▸ Exercise: Of the lines below, write out exactly those from the line with "Сковорода-гриль квадратна La" through the line with "Snap Back Block", both included, and skip the rest.

*** Opening Material to process ***

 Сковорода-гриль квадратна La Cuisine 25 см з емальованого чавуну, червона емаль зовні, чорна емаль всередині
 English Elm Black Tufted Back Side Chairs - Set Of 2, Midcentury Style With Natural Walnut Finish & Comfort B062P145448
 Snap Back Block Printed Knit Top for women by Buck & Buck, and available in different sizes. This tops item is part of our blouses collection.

*** Closing Material to process ***
*** Opening Material to process ***

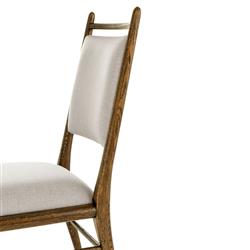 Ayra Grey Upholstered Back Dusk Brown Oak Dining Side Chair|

*** Closing Material to process ***
*** Opening Material to process ***

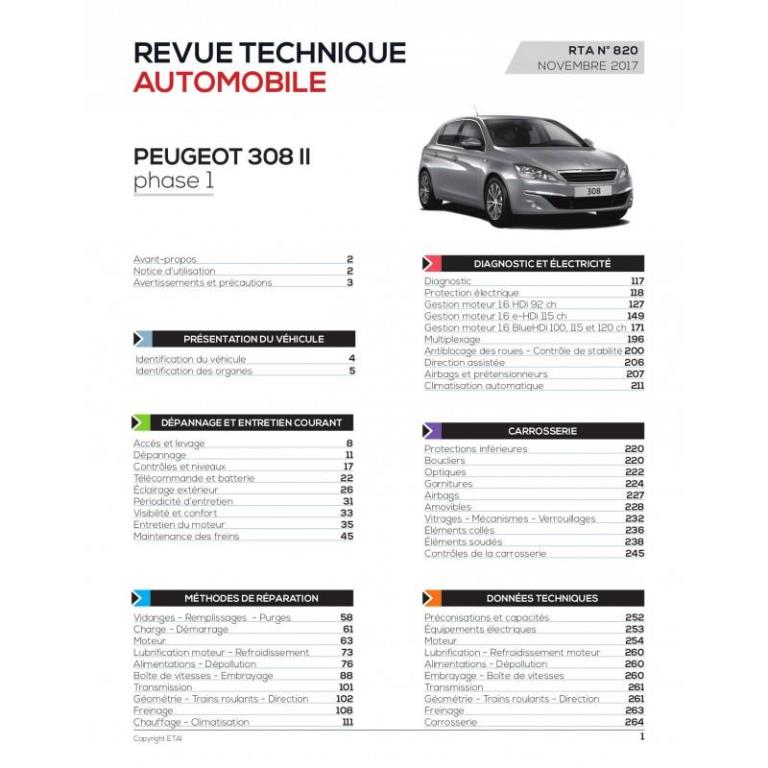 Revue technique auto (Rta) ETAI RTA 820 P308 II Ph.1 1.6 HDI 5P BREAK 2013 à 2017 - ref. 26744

*** Closing Material to process ***

▸ Your response:
 Сковорода-гриль квадратна La Cuisine 25 см з емальованого чавуну, червона емаль зовні, чорна емаль всередині
 English Elm Black Tufted Back Side Chairs - Set Of 2, Midcentury Style With Natural Walnut Finish & Comfort B062P145448
 Snap Back Block Printed Knit Top for women by Buck & Buck, and available in different sizes. This tops item is part of our blouses collection.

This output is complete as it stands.